RBNZ looks to new economic stabilisers to help OCR
Bank liquidity ratios to create automatic stabiliser, help OCR, says RBNZ
by Pattrick Smellie
Nov 11 (BusinessWire) - New Reserve Bank of New Zealand rules will force more prudent lending practice from trading banks over the course of economic cycles and take some of the weight off the Official Cash Rate as the sole tool for setting monetary conditions, the RBNZ has spelt out today.
The identification of stricter liquidity ratio rules as an automatic economic stabilisation tool marks a significant shift in central bank activism to force more prudent behaviour from the banking sector in the wake of the global credit crunch.
The RBNZ's six monthly Financial Stability report, and a subsequent briefing by senior bank officials to Parliament's finance and expenditure select committee today, have revealed the depth of the RBNZ's thinking on ways to avoid the worst impacts of further global financial instability, which it says remains a real danger for a heavily indebted country like New Zealand.
In essence, the new approach will force higher bad debt provisioning in boom times to offset the sudden impact of bad lending on the financial system in recessions, and skew banks to back their lending with longer term funding arrangements.
"There is potential to use liquidity ratios as an economic stabiliser. The idea of dynamic provisioning through the cycle could potentially support the OCR," said deputy RBNZ governor Grant Spencer. "Our main lesson from the crisis was to produce a policy in that area of weakness."
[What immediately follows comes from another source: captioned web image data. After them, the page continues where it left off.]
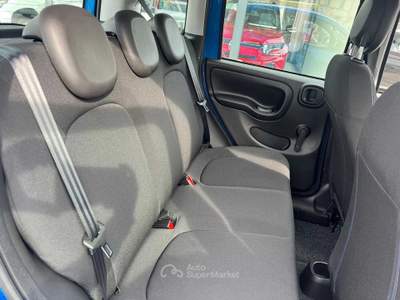 Fiat Panda 1.0 FireFly S&amp;S Hybrid Icon Blu/Azzurro usata Pinerolo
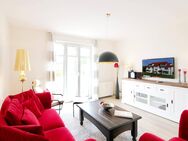 Charmante 2 Zi Wohnung mit Südbalkon & Blick zum Schmachter See im Ostseebad Binz - by Rujana - Binz (Ostseebad)
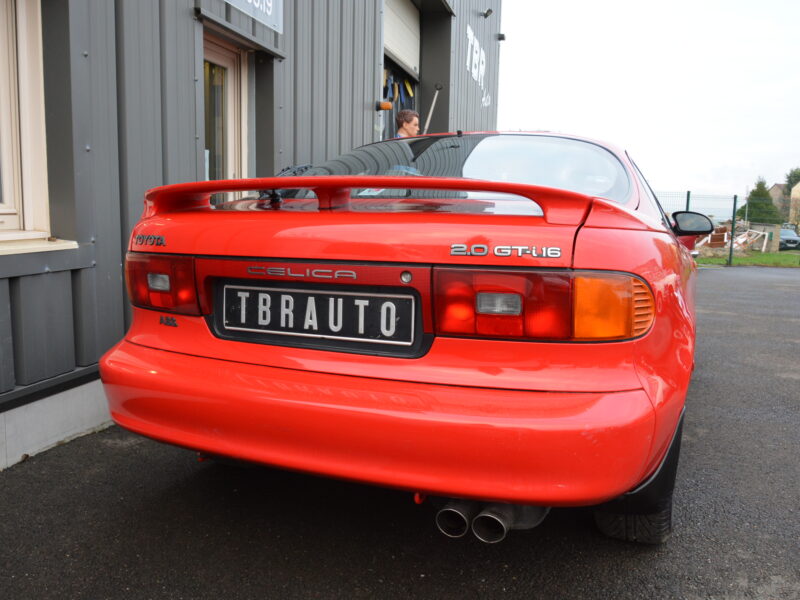 Toyota Celica GT Twin Cam de 1990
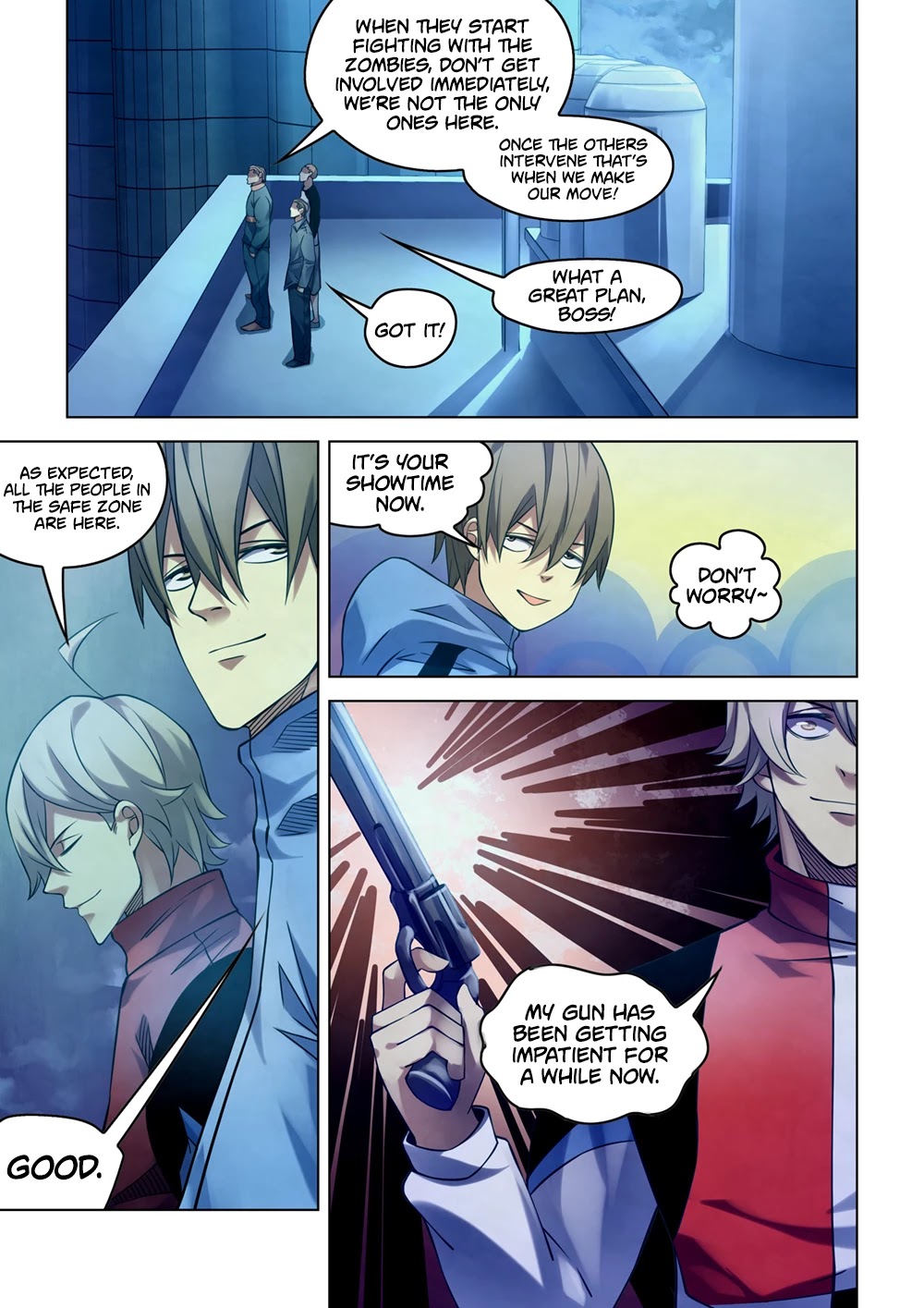 manhuaverse manhwa comic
However, the OCR would remain "the only way we have to change (monetary) conditions," RBNZ governor Alan Bollard told the select committee. "The background is that liquidity ratio policies could have beneficial impacts over the cycle. It's new territory and it's something a number of countries are looking at.
"We mustn't over-promise on this," Bollard said, "but we are keen to look at core funding's capacity to contribute to monetary policy."
Bollard says the moves are "not welcomed" by trading banks, but they are feeling similar pressure internationally.
The financial stability report elaborates that such intervention would aim to "reduce the cyclicality of the overall financial system".
"In the New Zealand context, with a large proportion of imported capital, the Reserve Bank believes the fluctuating attitude of international lenders has contributed to excessive exchange rate cyclicality.
"The new liquidity rules restrict the proportion of loans that can be funded through short term wholesale borrowing. This will force future rapid increases in demand to be funded mostly through long term wholesale debt, raising funding costs and likely moderating credit growth.
"In the downturn, this pre-existing long term funding helps maintain investor confidence and reduces the extent to which the bank will need to access (potentially troubled wholesale funding markets, reducing any funding squeeze."